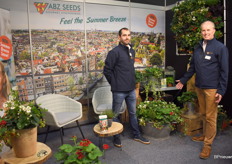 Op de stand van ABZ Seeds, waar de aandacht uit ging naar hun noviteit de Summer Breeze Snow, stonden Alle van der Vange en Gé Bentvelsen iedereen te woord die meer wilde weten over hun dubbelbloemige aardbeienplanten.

--

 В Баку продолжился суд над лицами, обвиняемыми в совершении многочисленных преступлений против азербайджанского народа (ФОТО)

---

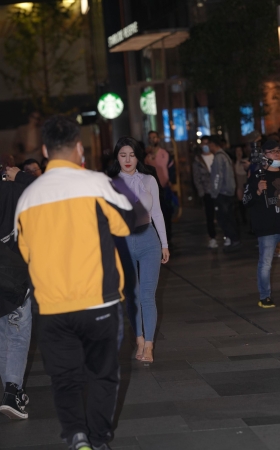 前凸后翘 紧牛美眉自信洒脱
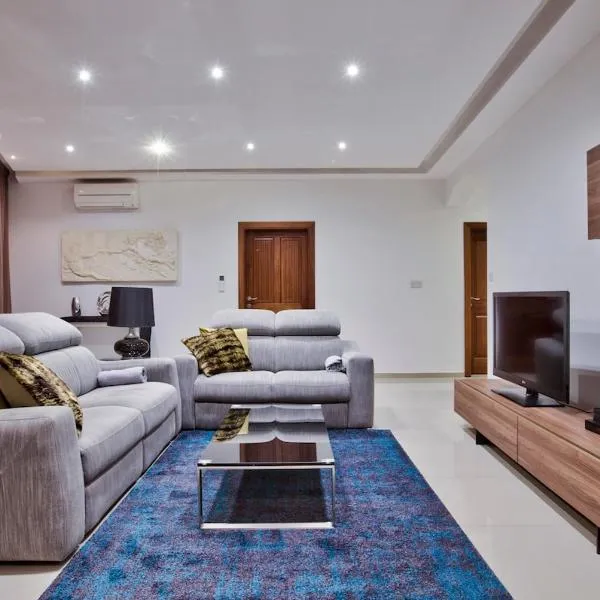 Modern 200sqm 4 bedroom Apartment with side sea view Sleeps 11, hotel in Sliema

• Directions for this task: Copy exactly the material above from the line with "前凸后翘 紧牛美眉自信洒脱" to the line with "Modern 200sqm 4", ends included, and nothing else. Leave out any picture.

• Answer area:
 前凸后翘 紧牛美眉自信洒脱
 Modern 200sqm 4 bedroom Apartment with side sea view Sleeps 11, hotel in Sliema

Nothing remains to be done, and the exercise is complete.